__TASK BRIEF__. Straight copy, no pictures: transcribe each entry as it stands.

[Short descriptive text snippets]

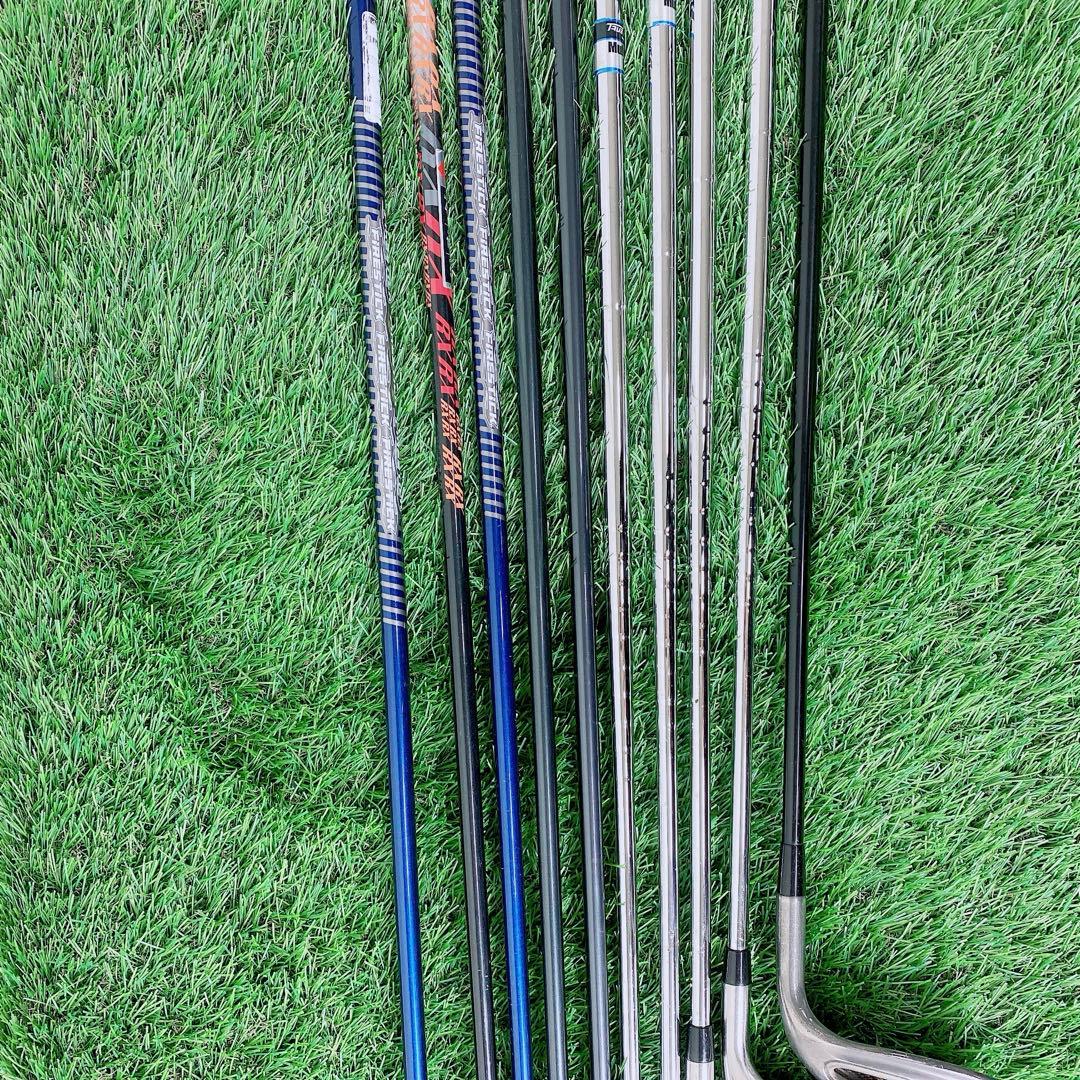 即コースフルセット　スリクソン　ゴルフクラブセット　メンズ　初心者　N2576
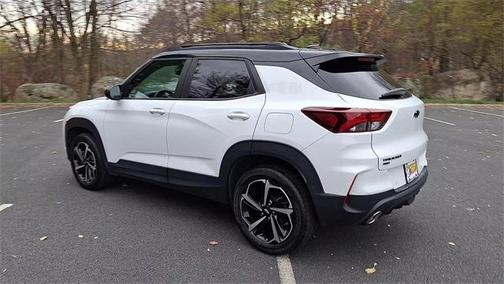 2021 Chevrolet Trailblazer RS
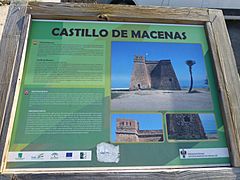 Castillo de Macenas 01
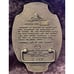 Vtg 80’s Brass Belt Buckle North Dakota Centennial Limited Edition # 3095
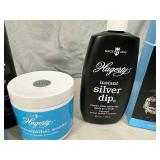 New Hagerty Silver Keeper, Plate Storage, Metal Polish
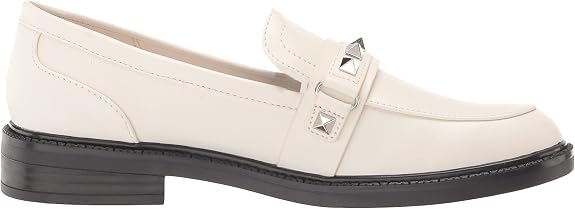 Marc Fisher Women's Cancia2 Loafers - Ivory - Size 9 M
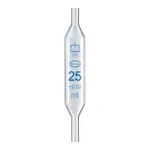 Merck BRAND BLAUBRAND bulb pipette, calibrated to deliver (TD, EX)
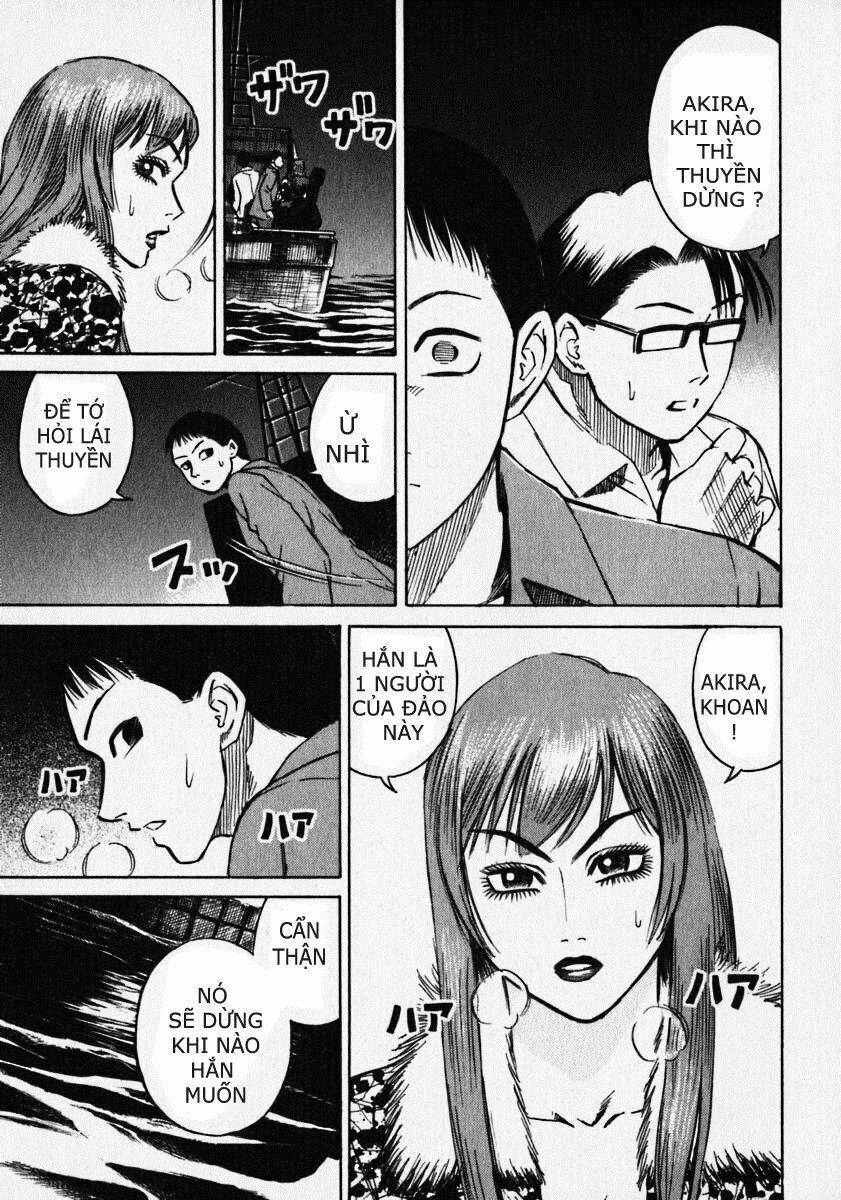 đảo ma cà rồng chapter 16 5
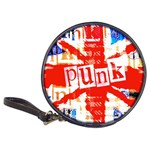 Punk Union Jack Classic 20-CD Wallet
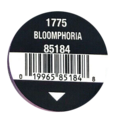 Bloomphoria label.png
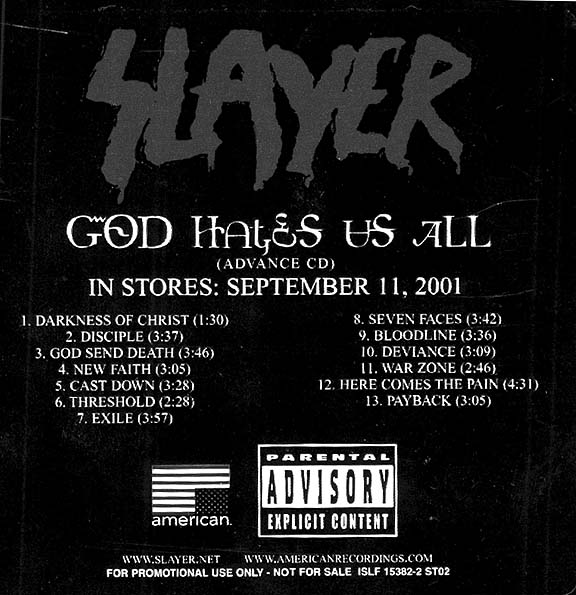 9.11.slayercdcover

__REPLY TO THE TASK__.
 即コースフルセット　スリクソン　ゴルフクラブセット　メンズ　初心者　N2576
 2021 Chevrolet Trailblazer RS
 Castillo de Macenas 01
 Vtg 80’s Brass Belt Buckle North Dakota Centennial Limited Edition # 3095
 New Hagerty Silver Keeper, Plate Storage, Metal Polish
 Marc Fisher Women's Cancia2 Loafers - Ivory - Size 9 M
 Merck BRAND BLAUBRAND bulb pipette, calibrated to deliver (TD, EX)
 đảo ma cà rồng chapter 16 5
 Punk Union Jack Classic 20-CD Wallet
 Bloomphoria label.png
 9.11.slayercdcover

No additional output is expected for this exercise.